ドイツ最大手の総合電機メーカーとして、かつて同国で稼働する17基の原子炉すべてで建設工事を手がけたシーメンス社が原子力事業における最終章を迎えた。

同社のP.レッシャーCEO(=写真)が18日に独シュピーゲル誌のインタビューで、原子力事業から完全撤退する方針を明らかにしたもので、「我々にとってこの章は終了した」と言明。福島事故後、A.メルケル政権が2022年までにすべての原子炉の廃止という脱原子力政策に逆戻りしたことから、「ドイツ社会と政治の明確な姿勢に対する企業としての回答だ」と説明している。

今後は、同政権が総需要の35%までの発電シェア拡大を目指す再生可能エネルギーの分野で活動を拡大していくことになる。

ドイツでは2000年6月に、当時の政府が既存炉の段階的な閉鎖と新規原子炉の建設禁止で電力業界と合意。これを契機に、シーメンス社は翌7月にフラマトム社と原子力部門を統合してフラマトムANP社を設立した。その後、同JVはアレバの傘下に入りアレバNP社となったが、シーメンス社の出資比率は34%と少数であったため、企業戦略において十分な発言権を行使することはできなかった。
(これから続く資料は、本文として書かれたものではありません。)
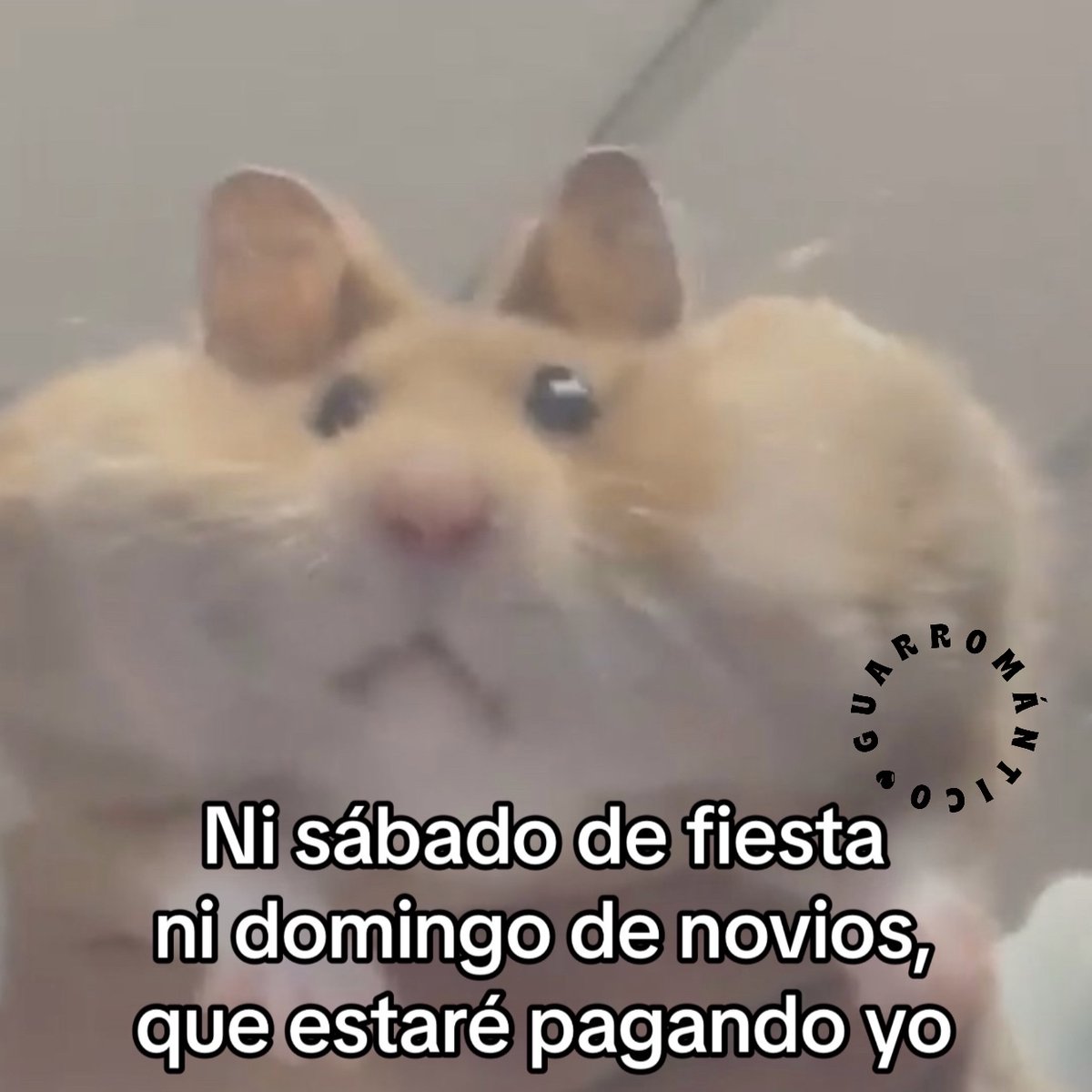 Guarromantico_'s tweet photo. Xq será? https://t.co/fCeZWeLdg4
このため、シーメンス社は09年1月に同JVにおける技術提携を解消し、持ち株すべてをアレバ社に売却する方針を発表。3月にはロシアの原子力総合企業であるロスアトム社と対等な立場での協力覚書に調印し、2030年までに世界中で400基と見積もられていた原子炉新設計画への参画を目指すことになった。

しかし、アレバ社はこの行動が株主協定における競争禁止義務条項に反するとして、シーメンス社を国際商業会議所・仲裁裁判所に提訴。同裁判所は今年5月、2013年9月までシーメンス社が原子力発電部門でアレバ社と競合することを禁じるとともに、6億4800万ユーロの支払いを命じている。

このような背景からレッシャーCEOは原子力事業からの撤退を決意。ロスアトム社とは原子力以外の分野での共同事業を希望している。また、原子力も含めて火力発電所でも利用可能なタービン発電機の製造は継続していく方針だ。